Now, my ego structure is very identified with being “strong,” both emotionally (“I can handle anything”) and physically (“I can do everything”). For the last two months those false beliefs that I took on as a survival strategy to make it through childhood, have been shaken to a whole new level!

My ego structure, which happens to be very stubborn (Also part of that same lovely package :-)) is really getting ground down. I now frequently experience what it is like to be unable to do a whole bunch of physical movements that I took for granted and never gave a second thought to before— like sitting on a chair for example. Additionally, if I get at all worked up emotionally and attempt to do any of my old rush-through-it and push-through-it behaviors, my back starts to spasm!

As I see it, my lower back is helping me to let go of those stubborn pieces that are still hanging on, leaving me basically no choice but to stop, relax and surrender to what is.

I’d like to offer you a simple practice for doing just that, surrendering into what is— called “The Welcoming Practice”:

First, identify an emotional charge, hurt or perceived offense in your life. Notice how this shows up in your body. It could be a clenched fist, a sinking feeling in the stomach, a tense neck or a pressure behind your eyes, for example. Pay attention to your body’s SENSATIONS associated with this emotional charge. Doing this keeps you from jumping into the judgmental mind and its looping stories of good/bad, win/lose, either/or.

Once you can identify the charge and feel it in your body as a sensation, welcome it. That means stop fighting it. It means stop blaming anyone, including yourself. It means welcome the grief, the anger, the fear or the anxiety as yours, and lean into it with curiosity, willingness, and even loving kindness.

This is difficult to do, and it goes directly against our ego structure, but for some reason, when we name our pain, feel it as a sensation, and welcome it, transformation can begin.

When we’re able to welcome our pain in this way, we actually consent to the “dying” to our false or conditioned self.
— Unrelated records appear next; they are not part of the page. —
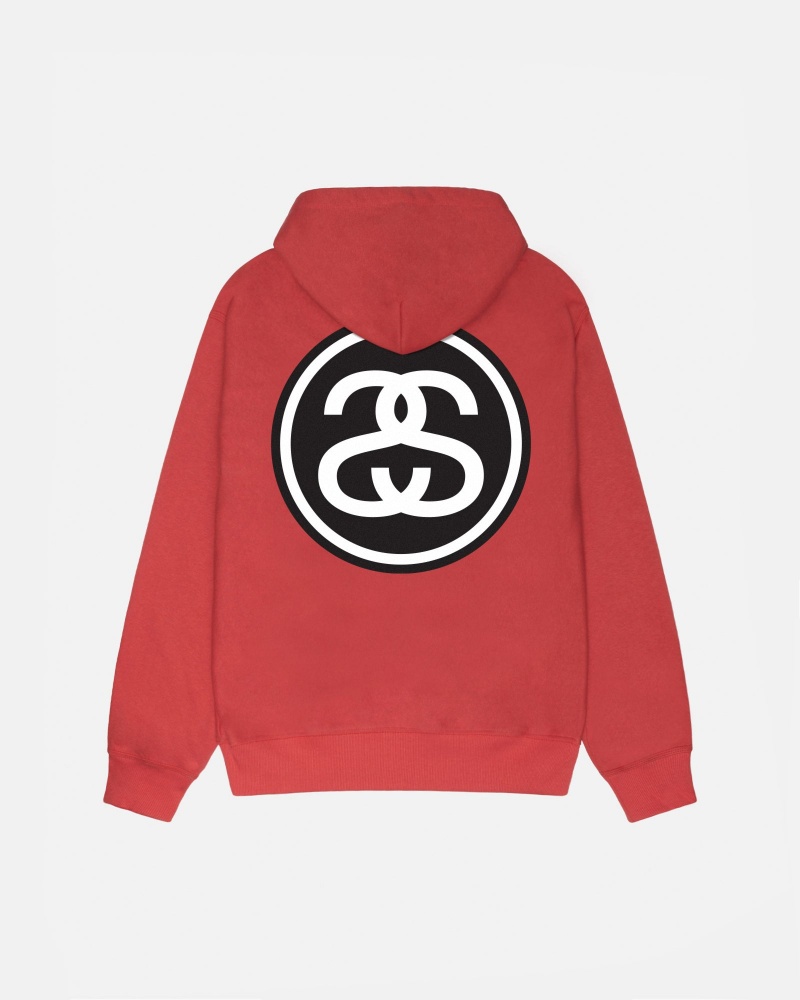 Long Sleeve Sweatshirt Stüssy SS-Link Zip Hoodie Pepper | WQ77-W9-EY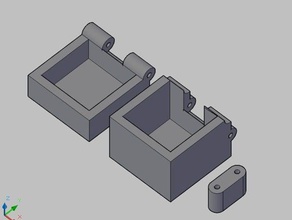 30x30 box 2 axis hinge design 3d printing tests storage 3d print model - Mito3D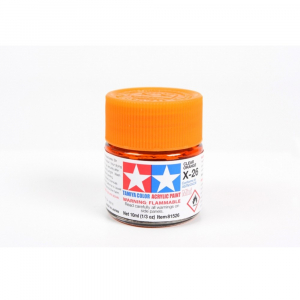 Tamiya Acrylic Paint ( X-26 Clear Orange)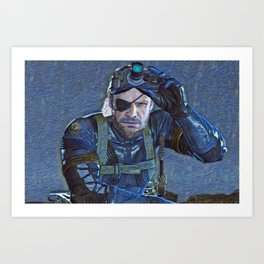 Metal Gear Solid Art Prints For Any Decor Style Society6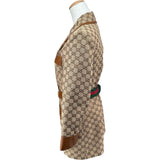 グッチ GUCCI GG総柄キャンバスジャケット 682302 ベージュ コットン レディース その他アウター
The rebirth and transformation we keep talking about then can happen IN THE BODY. And in the body happens to be the place where all our survival strategies are stored— in our unconscious and in our nervous system.
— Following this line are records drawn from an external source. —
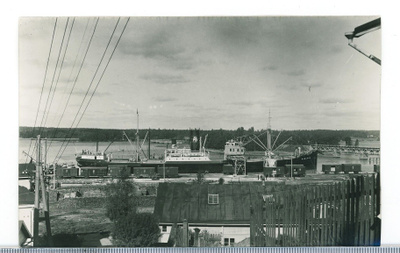 Tammisaari hiilisatama 1939 vanha valokuva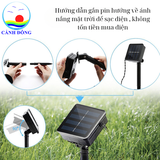 Dây đèn led trang trí sạc pin năng lượng mặt trời Cảnh Đông - Trang trí sân vườn, cửa hàng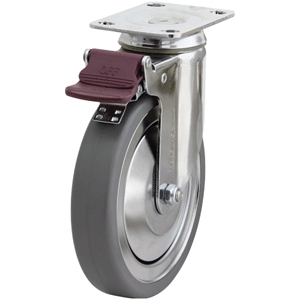 150mm Inst Swivel Chrome Durolite Castor (S6674BR)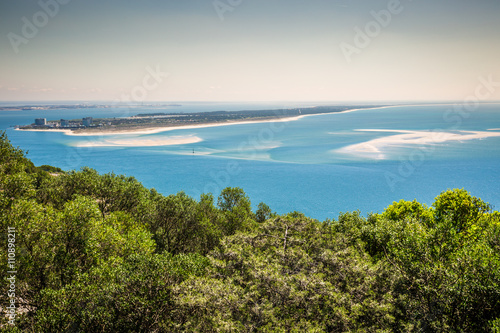 Beautiful landscape view of the National Park Arrabida in Setuba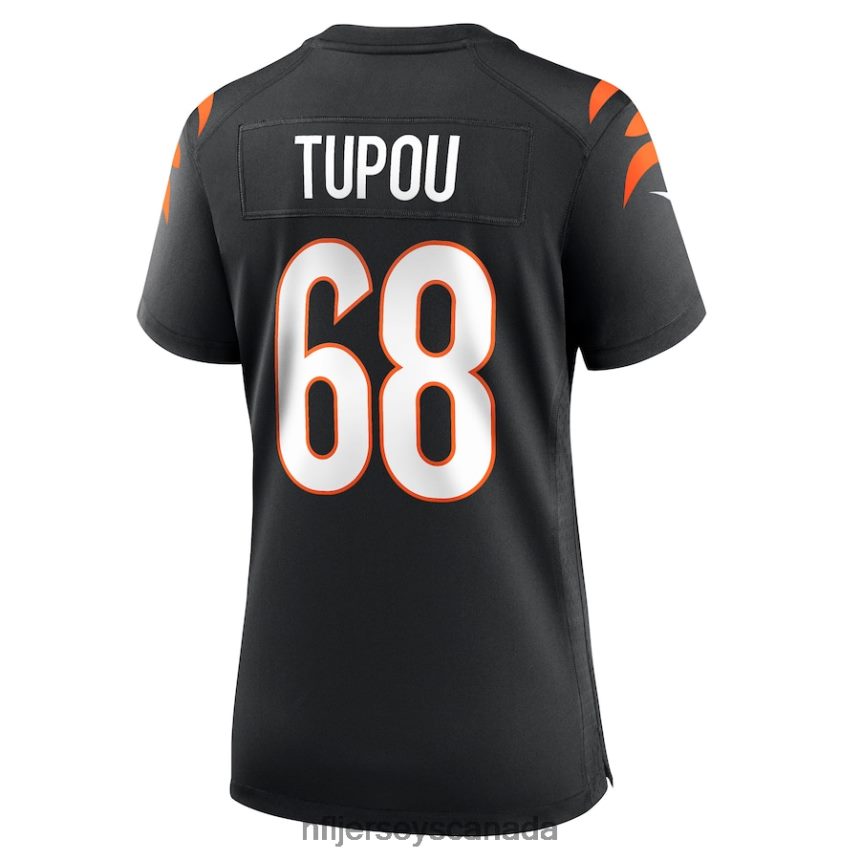 Women Cincinnati Bengals Josh Tupou Nike Black Game Player Jersey Clothing NFL TBXFR66344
Doing this welcoming practice is the most effective and efficient way I know to real transformation and lasting change.

I can’t promise the pain will leave easily or quickly.  But letting go and leaning in like this frees up a great amount of soul-energy that liberates a level of life you didn’t know existed. It leads you to your true self.

Trust me, I’ll be doing this right alongside you, my dear friends.